[The problem]
Working from the listing below, pick each line containing the word "Christmas" and copy it.

*** Given entries Section Begins ***

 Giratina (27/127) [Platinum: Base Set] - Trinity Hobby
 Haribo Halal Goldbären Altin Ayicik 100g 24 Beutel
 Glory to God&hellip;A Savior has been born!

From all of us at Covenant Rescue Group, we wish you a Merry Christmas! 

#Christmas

*** Given entries Section Ends ***
*** Given entries Section Begins ***

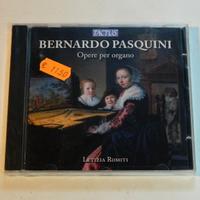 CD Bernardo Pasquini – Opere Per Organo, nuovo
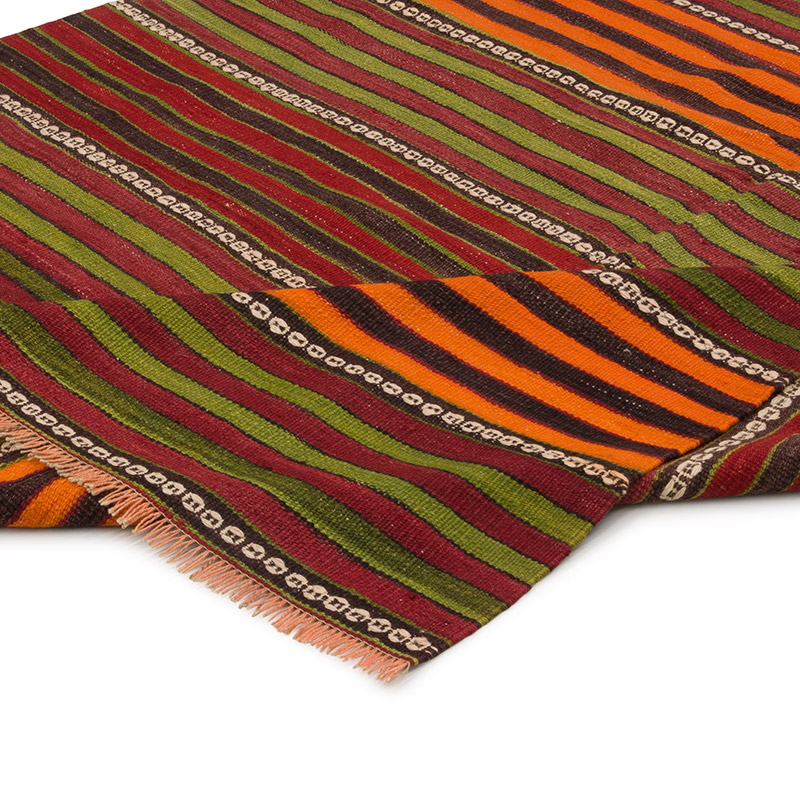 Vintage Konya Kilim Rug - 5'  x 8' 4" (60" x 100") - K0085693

*** Given entries Section Ends ***

[Output of the task]
From all of us at Covenant Rescue Group, we wish you a Merry Christmas! 
#Christmas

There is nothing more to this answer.